▸ **Assignment**: In your copy, each line below is repeated exactly and no image appears.

▸ **Collected data**:

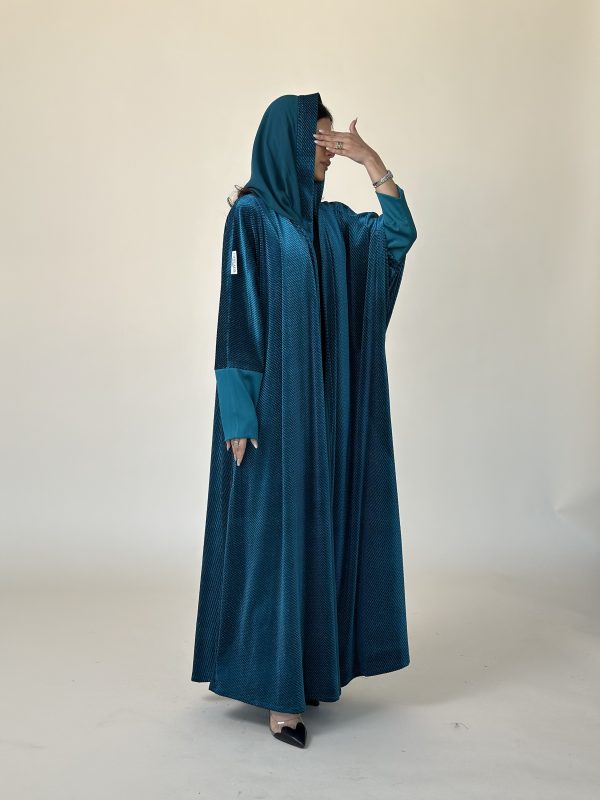 عباية مخمل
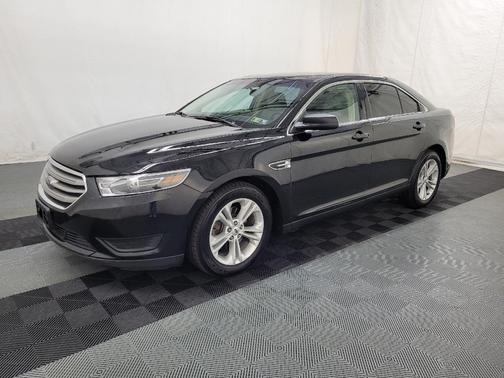 2017 Ford Taurus SE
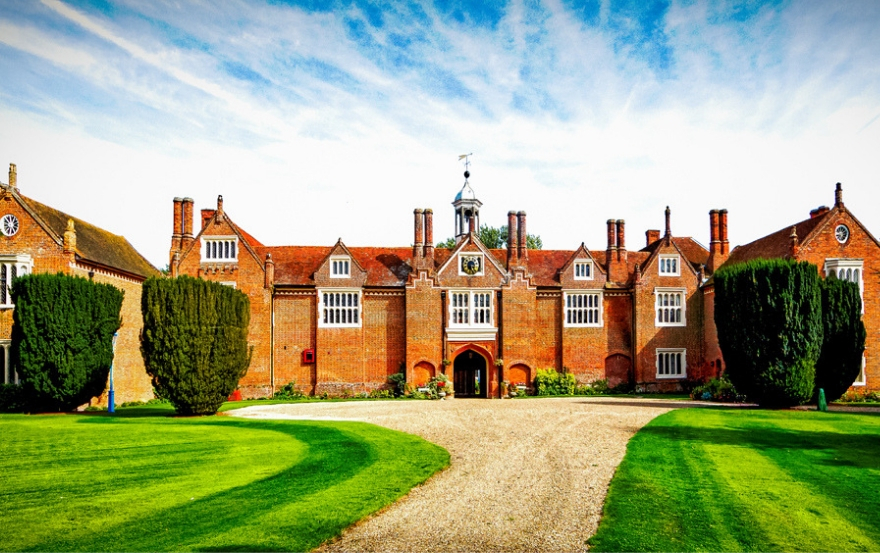 Gosfield Hall Wedding venue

▸ **Solution below**:
 عباية مخمل
 2017 Ford Taurus SE
 Gosfield Hall Wedding venue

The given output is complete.